**What is needed:** Lines after the one containing "Building Photo - 28 E 47th St" are to be omitted; print exactly each line from the start of the records up to and including it.

**Records supplied:**
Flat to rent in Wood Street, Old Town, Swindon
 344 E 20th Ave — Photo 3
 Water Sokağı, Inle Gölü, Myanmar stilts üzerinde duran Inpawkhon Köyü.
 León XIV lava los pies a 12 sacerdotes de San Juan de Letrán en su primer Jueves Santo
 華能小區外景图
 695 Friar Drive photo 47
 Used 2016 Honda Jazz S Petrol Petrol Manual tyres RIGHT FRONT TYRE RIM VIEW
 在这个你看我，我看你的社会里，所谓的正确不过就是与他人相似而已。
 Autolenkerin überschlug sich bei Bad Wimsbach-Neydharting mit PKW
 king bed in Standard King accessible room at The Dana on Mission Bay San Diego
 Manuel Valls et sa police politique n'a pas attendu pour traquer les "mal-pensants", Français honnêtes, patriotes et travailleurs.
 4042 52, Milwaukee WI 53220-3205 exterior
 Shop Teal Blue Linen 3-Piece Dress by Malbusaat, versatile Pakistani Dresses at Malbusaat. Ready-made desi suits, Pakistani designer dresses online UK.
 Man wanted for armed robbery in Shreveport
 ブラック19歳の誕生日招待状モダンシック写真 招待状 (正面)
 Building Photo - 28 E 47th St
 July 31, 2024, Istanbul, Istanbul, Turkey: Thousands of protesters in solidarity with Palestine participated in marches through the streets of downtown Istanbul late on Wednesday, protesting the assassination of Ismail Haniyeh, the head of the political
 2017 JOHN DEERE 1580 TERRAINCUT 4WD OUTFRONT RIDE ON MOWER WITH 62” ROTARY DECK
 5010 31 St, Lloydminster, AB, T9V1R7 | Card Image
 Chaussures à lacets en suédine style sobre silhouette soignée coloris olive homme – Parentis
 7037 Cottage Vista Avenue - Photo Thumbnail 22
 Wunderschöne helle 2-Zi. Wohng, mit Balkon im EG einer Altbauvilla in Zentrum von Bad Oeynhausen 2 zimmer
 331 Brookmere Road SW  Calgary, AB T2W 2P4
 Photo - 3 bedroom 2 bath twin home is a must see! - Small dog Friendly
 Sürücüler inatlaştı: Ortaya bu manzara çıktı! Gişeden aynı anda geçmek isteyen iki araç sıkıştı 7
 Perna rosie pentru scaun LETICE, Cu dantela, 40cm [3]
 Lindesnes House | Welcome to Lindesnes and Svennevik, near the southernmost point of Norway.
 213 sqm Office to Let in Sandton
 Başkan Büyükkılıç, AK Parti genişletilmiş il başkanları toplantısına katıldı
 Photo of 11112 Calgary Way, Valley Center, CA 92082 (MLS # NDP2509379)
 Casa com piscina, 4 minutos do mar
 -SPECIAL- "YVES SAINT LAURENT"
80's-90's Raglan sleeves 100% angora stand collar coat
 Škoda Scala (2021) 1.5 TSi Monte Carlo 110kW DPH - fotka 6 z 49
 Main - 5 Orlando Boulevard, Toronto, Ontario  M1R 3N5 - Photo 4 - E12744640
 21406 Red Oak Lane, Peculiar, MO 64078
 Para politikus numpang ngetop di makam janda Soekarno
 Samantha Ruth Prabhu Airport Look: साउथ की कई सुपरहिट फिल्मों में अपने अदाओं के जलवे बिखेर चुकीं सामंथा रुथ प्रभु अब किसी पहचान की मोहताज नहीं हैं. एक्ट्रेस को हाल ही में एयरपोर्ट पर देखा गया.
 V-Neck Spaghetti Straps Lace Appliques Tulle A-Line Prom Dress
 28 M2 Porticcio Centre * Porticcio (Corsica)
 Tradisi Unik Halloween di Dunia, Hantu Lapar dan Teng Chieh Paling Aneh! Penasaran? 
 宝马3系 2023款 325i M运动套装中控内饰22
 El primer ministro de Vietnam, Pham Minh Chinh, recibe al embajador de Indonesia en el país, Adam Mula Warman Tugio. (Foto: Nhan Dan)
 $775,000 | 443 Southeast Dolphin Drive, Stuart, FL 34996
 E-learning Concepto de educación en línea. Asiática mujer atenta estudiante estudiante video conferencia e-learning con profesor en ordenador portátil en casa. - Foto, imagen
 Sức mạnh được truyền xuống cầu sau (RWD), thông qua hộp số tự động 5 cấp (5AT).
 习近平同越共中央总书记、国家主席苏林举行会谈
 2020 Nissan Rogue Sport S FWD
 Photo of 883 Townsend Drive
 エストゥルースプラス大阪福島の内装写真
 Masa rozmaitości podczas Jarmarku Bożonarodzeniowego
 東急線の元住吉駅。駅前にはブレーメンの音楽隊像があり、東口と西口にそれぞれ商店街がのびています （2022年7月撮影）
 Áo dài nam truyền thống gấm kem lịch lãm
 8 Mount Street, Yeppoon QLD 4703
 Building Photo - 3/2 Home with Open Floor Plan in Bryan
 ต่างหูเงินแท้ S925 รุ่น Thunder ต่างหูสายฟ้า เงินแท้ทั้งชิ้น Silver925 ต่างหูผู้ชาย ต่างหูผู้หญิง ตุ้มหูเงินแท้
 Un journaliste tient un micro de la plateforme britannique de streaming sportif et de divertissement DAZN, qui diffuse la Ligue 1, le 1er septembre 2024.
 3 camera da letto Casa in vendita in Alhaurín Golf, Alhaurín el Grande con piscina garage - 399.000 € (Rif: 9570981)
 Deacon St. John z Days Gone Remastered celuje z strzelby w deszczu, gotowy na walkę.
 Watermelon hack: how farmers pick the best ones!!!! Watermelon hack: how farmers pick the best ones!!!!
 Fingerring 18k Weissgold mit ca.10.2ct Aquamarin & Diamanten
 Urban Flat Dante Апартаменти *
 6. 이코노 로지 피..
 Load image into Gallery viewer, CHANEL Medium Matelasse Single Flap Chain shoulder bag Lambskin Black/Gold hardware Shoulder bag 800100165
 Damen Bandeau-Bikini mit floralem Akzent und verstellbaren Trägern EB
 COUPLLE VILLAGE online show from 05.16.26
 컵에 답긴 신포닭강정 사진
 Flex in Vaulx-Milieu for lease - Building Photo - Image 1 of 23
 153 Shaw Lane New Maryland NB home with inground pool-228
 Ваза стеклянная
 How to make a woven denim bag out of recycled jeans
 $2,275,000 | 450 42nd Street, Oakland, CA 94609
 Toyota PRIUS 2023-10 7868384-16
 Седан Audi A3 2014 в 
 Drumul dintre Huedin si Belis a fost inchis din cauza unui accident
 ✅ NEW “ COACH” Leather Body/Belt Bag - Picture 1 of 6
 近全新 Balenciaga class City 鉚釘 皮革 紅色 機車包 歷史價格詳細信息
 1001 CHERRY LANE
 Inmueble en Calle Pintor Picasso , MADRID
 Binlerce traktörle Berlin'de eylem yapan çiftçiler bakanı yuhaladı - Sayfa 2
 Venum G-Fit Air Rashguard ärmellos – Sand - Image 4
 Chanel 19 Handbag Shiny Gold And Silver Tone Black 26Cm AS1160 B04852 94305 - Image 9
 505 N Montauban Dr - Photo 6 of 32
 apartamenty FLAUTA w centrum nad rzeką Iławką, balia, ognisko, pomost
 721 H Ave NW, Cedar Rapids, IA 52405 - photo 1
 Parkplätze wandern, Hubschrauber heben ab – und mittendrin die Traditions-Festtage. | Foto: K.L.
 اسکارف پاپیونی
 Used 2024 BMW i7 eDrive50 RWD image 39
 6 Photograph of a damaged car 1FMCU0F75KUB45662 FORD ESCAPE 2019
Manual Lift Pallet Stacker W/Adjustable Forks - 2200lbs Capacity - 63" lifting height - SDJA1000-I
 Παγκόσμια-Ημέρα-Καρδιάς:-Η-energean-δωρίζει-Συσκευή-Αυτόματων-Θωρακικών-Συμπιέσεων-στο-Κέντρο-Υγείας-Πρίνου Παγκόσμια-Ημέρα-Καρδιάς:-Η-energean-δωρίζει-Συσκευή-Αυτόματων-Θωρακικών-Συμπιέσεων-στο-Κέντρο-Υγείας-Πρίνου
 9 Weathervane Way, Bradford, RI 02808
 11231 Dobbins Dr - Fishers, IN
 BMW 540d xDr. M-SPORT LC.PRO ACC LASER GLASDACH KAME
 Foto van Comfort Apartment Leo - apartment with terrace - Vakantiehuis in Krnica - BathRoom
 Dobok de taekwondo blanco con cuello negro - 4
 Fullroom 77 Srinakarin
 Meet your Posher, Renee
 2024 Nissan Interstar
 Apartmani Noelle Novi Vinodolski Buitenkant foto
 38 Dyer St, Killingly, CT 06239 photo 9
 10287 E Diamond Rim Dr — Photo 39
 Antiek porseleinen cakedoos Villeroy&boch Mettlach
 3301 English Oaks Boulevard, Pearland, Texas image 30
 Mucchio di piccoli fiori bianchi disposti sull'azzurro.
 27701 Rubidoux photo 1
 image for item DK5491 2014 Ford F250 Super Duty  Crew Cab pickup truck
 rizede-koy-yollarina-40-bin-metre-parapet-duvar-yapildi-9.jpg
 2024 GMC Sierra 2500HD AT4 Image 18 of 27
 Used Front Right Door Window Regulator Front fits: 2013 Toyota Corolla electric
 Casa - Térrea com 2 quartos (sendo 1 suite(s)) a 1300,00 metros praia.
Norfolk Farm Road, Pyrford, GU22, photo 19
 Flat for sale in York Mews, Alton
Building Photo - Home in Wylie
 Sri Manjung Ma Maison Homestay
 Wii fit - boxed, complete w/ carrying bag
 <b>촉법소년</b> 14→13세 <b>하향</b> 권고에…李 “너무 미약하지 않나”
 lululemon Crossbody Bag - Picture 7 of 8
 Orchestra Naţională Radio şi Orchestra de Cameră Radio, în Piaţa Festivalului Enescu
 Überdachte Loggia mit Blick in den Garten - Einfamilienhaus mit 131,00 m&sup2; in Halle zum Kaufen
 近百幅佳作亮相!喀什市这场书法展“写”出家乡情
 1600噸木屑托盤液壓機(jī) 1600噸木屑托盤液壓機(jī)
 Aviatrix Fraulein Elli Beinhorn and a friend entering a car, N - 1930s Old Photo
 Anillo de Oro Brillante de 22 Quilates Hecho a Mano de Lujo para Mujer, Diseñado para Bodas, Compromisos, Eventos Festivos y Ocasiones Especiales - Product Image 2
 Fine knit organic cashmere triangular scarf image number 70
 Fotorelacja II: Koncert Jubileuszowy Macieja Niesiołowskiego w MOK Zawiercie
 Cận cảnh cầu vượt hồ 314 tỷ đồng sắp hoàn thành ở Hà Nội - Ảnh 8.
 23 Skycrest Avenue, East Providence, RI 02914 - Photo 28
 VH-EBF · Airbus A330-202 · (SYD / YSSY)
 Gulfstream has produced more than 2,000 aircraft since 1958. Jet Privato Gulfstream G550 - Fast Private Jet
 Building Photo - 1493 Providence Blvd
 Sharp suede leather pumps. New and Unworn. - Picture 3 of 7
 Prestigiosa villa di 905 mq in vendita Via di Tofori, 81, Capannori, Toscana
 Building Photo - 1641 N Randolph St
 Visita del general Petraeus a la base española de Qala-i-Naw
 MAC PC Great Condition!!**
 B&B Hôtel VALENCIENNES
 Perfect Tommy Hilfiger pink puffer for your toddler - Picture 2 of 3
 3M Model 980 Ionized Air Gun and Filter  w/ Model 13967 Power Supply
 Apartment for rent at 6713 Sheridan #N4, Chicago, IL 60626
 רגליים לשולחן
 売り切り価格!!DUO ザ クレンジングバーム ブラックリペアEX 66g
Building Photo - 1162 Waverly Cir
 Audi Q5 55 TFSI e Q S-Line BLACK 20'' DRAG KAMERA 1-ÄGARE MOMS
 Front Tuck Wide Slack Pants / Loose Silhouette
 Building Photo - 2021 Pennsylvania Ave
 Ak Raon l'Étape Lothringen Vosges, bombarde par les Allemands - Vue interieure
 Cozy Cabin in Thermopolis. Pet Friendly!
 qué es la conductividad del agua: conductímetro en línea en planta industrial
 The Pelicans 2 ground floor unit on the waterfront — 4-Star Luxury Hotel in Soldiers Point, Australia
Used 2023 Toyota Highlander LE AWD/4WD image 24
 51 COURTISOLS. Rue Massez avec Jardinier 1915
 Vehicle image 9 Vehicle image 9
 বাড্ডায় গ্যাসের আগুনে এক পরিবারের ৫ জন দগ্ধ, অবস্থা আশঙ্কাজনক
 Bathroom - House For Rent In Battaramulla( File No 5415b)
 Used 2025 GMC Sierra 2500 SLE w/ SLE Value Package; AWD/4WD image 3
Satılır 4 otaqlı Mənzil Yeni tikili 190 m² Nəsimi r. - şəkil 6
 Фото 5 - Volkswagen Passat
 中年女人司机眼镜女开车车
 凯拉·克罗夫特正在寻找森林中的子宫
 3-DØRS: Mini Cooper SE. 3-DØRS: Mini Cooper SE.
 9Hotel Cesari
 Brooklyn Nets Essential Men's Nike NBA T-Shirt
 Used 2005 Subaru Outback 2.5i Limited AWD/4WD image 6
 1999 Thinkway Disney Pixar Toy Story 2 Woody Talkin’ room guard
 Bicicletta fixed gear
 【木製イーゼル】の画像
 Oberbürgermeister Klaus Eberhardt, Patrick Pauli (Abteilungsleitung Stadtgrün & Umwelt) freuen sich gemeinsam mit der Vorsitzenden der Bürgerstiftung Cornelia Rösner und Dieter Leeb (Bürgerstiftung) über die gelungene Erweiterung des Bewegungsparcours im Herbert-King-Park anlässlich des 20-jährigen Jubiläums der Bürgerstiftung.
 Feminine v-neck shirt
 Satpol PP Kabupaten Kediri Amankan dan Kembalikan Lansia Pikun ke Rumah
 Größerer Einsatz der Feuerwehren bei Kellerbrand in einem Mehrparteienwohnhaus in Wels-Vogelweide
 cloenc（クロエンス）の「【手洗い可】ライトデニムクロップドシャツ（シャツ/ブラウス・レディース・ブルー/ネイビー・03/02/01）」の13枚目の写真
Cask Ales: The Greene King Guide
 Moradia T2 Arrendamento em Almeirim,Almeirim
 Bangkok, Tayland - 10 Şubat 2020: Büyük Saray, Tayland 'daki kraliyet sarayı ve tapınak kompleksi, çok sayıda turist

**Solution to this task:**
Flat to rent in Wood Street, Old Town, Swindon
 344 E 20th Ave — Photo 3
 Water Sokağı, Inle Gölü, Myanmar stilts üzerinde duran Inpawkhon Köyü.
 León XIV lava los pies a 12 sacerdotes de San Juan de Letrán en su primer Jueves Santo
 華能小區外景图
 695 Friar Drive photo 47
 Used 2016 Honda Jazz S Petrol Petrol Manual tyres RIGHT FRONT TYRE RIM VIEW
 在这个你看我，我看你的社会里，所谓的正确不过就是与他人相似而已。
 Autolenkerin überschlug sich bei Bad Wimsbach-Neydharting mit PKW
 king bed in Standard King accessible room at The Dana on Mission Bay San Diego
 Manuel Valls et sa police politique n'a pas attendu pour traquer les "mal-pensants", Français honnêtes, patriotes et travailleurs.
 4042 52, Milwaukee WI 53220-3205 exterior
 Shop Teal Blue Linen 3-Piece Dress by Malbusaat, versatile Pakistani Dresses at Malbusaat. Ready-made desi suits, Pakistani designer dresses online UK.
 Man wanted for armed robbery in Shreveport
 ブラック19歳の誕生日招待状モダンシック写真 招待状 (正面)
 Building Photo - 28 E 47th St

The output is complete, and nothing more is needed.